At Holland Law Group, PLLC, we put our years of Arizona business law experience to work for you to make dissolving your business as quick, painless, and profitable as possible.
Dissolving a Partnership
Before you take steps to dissolve your partnership—general, limited, or limited liability—get state and federal income tax advice, and make sure you fully understand the financial ramifications of shutting down your business. If you are a partner in a general partnership, or are the general partner in a limited partnership, you may be responsible for some of the partnership's debts even after dissolution. On the other hand, if your business still has assets after you have paid off all creditors, the government will view any dividends of the dissolution as income and tax them as such.
Next, get an agreement to dissolve or terminate the partnership in writing, if you are a partner in a multi-member partnership. The written dissolution agreement should include details about payment of final expenses, the timing of the assignment of assets, who gets what assets, when the partnership will cease activity, and when the partnership will notify the Arizona Corporation Commission.
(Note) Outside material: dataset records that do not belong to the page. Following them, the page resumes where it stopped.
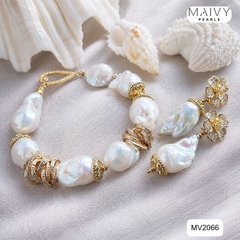 MV2066 | Set Lắc Tay Và Bông Tai Ngọc Trai Baroque Trắng Phối Charm - Cổ Điển Mà Trẻ Trung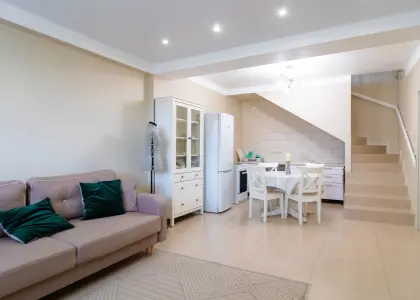 Двухуровневая 3-к квартира в центре Сочи - фото 1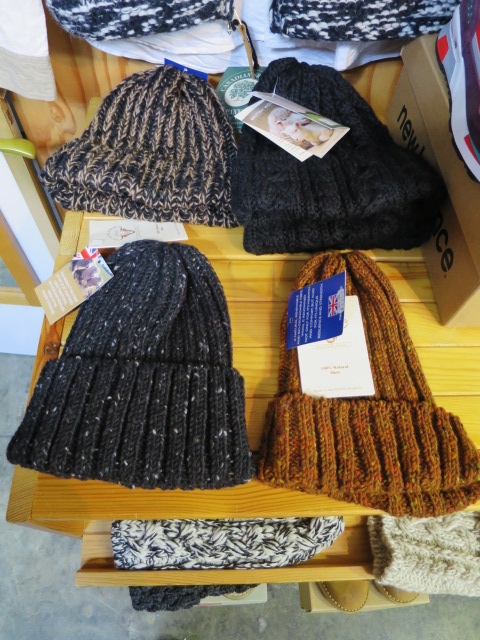 大人気のHighland 2000 KNIT帽。。。ご期待に応えて、最終・再々入荷！♪！_d0152280_14284029.jpg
Finally, pay off all creditors with remaining partnership assets before you file Articles of Dissolution with the Arizona Corporation Commission. Arizona law does not permit partnership members to make further payments to themselves without first satisfying all creditors' claims when dissolving a partnership.
Dissolving a Corporation
If your corporation has not issued shares or commenced business, the majority of initial directors or incorporators may simply dissolve the corporation by filing Articles of Dissolution with the Arizona Corporation Commission. If the corporation has already commenced business, Arizona corporate dissolution becomes more complex.
Once shares are issued, the board of directors may propose dissolution to the shareholders. The board must notify each shareholder—regardless of voting rights—of the proposal and the shareholders meeting which will vote on the issue. Unless the articles of incorporation or the board of directors require otherwise, a majority vote for dissolution is sufficient for the board to proceed with dissolves the corporation. Articles of Dissolution must be published, and all fines and fees paid, before the
Arizona Corporation Commission will consider the corporation dissolved. Dissolved corporations do not cease to exist, but continue to function only to the extent necessary to “wind up” its business. This includes collecting outstanding debts, paying off creditors, disposing of properties that will not or cannot be distributed to the shareholders, and distributing remaining assets to the shareholders according to their interests.
Dissolution can be as easy as signing forms (if all the owners do it) or as difficult as a contested divorce. If “partnership” dispute arises, early legal counsel is important. Unilateral dissolution or removal of one member by another is not legally effective and may give rise to legal claims.